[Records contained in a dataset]
····················

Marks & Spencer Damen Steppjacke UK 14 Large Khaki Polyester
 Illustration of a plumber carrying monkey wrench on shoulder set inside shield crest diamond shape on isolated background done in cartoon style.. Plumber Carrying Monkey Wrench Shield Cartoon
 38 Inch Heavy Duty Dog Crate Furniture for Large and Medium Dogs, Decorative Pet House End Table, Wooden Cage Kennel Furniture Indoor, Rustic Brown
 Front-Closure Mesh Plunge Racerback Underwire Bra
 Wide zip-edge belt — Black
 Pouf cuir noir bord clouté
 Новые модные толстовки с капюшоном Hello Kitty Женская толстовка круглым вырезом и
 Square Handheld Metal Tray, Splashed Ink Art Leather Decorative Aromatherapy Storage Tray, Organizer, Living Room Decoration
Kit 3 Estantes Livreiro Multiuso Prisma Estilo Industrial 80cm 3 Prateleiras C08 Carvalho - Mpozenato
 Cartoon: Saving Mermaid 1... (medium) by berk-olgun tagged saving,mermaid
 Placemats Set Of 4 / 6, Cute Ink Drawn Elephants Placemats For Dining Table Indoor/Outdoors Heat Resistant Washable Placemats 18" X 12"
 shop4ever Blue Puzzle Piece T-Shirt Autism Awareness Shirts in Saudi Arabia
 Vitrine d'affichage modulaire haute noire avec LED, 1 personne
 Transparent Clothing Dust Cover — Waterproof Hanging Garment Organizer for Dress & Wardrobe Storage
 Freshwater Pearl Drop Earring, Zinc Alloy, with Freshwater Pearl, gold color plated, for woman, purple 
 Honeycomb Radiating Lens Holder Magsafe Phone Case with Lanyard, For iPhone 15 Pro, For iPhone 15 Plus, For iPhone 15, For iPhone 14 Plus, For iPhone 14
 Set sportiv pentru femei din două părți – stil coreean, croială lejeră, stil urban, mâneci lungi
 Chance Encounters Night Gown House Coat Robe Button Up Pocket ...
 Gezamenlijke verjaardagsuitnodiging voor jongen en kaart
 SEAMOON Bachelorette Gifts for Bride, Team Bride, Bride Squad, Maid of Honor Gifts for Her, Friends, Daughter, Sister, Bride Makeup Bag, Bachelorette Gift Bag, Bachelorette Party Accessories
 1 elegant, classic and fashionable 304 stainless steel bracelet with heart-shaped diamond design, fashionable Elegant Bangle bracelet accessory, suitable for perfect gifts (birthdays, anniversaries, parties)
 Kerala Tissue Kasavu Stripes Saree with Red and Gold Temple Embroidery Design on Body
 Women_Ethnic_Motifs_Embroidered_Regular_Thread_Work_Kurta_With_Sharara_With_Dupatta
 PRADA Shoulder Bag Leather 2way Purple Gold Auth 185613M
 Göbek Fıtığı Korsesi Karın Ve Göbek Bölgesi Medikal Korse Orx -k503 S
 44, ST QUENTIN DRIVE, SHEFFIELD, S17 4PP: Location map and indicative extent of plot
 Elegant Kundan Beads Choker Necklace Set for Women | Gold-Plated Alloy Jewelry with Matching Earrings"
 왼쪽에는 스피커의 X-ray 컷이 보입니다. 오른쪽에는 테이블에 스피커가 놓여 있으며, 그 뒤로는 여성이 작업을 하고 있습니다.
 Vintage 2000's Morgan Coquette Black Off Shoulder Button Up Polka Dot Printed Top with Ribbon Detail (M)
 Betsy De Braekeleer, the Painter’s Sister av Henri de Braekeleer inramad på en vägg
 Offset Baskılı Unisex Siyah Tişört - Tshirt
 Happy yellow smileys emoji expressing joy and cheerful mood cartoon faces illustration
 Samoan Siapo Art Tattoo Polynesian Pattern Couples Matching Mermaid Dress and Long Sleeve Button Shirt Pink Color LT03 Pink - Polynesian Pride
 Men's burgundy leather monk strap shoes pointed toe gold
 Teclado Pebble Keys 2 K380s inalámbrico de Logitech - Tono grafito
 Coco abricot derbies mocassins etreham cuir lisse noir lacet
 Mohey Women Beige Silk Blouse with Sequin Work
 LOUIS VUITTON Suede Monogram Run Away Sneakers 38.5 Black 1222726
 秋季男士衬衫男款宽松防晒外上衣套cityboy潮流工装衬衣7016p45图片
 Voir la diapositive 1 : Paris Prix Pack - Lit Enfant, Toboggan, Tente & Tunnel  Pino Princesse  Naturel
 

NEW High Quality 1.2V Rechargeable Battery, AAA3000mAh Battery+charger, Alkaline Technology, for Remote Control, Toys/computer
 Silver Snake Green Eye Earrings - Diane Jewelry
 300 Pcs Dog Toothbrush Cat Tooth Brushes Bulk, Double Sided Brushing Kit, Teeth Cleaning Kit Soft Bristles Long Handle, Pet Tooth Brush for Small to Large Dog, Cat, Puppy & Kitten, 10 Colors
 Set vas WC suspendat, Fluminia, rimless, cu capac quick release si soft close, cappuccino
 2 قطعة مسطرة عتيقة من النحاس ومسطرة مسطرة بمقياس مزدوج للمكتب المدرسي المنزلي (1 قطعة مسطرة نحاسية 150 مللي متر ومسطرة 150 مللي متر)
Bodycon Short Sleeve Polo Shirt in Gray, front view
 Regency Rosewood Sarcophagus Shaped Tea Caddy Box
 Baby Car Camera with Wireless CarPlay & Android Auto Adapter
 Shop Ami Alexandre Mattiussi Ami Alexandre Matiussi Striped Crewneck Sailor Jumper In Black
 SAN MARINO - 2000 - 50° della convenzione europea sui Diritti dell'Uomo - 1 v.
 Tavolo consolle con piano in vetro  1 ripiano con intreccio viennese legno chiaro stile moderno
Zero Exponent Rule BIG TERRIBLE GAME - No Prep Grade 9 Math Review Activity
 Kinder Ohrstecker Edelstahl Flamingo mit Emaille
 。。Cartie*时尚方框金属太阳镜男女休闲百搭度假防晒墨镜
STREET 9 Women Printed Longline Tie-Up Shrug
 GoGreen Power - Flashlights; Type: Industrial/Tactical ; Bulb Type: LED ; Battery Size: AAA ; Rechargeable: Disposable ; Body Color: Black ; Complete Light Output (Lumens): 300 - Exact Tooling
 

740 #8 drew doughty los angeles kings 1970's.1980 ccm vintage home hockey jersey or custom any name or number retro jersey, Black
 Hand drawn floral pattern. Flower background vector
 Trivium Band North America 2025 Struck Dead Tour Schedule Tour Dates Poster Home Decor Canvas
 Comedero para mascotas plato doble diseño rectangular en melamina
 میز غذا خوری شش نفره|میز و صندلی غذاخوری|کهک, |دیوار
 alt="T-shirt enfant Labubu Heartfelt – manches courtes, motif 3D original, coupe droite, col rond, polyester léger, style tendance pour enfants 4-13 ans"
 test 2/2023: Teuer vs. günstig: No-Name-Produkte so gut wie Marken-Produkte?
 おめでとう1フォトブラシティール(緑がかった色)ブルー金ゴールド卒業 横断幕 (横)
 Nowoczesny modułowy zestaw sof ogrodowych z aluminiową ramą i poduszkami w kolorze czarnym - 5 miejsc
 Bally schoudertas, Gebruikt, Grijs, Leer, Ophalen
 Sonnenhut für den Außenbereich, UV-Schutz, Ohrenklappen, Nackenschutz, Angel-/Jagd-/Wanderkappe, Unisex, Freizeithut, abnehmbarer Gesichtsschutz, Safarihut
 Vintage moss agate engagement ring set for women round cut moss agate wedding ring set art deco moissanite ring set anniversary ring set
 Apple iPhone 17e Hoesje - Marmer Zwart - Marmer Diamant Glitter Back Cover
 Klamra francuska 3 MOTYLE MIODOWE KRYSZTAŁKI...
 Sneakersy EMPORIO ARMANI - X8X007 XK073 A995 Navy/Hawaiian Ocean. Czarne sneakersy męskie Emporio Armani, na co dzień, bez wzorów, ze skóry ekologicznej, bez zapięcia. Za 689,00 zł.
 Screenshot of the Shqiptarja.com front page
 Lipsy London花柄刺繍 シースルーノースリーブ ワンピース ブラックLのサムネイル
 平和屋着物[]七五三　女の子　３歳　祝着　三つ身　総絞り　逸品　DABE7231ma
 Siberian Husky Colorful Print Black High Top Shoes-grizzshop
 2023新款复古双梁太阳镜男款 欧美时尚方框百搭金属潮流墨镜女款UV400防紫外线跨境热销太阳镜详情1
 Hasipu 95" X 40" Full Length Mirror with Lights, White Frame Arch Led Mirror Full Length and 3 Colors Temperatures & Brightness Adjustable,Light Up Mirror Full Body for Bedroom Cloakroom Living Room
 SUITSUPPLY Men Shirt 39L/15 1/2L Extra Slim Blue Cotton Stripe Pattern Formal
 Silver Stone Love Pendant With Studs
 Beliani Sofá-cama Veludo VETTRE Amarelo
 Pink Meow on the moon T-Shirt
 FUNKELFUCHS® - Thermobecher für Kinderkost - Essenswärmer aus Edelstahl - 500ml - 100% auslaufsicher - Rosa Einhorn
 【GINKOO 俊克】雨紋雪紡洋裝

····················

Repeat, word for word, the lines from the start of the records to the line that contains "Новые модные толстовки", both of them included, and no others.

Marks & Spencer Damen Steppjacke UK 14 Large Khaki Polyester
 Illustration of a plumber carrying monkey wrench on shoulder set inside shield crest diamond shape on isolated background done in cartoon style.. Plumber Carrying Monkey Wrench Shield Cartoon
 38 Inch Heavy Duty Dog Crate Furniture for Large and Medium Dogs, Decorative Pet House End Table, Wooden Cage Kennel Furniture Indoor, Rustic Brown
 Front-Closure Mesh Plunge Racerback Underwire Bra
 Wide zip-edge belt — Black
 Pouf cuir noir bord clouté
 Новые модные толстовки с капюшоном Hello Kitty Женская толстовка круглым вырезом и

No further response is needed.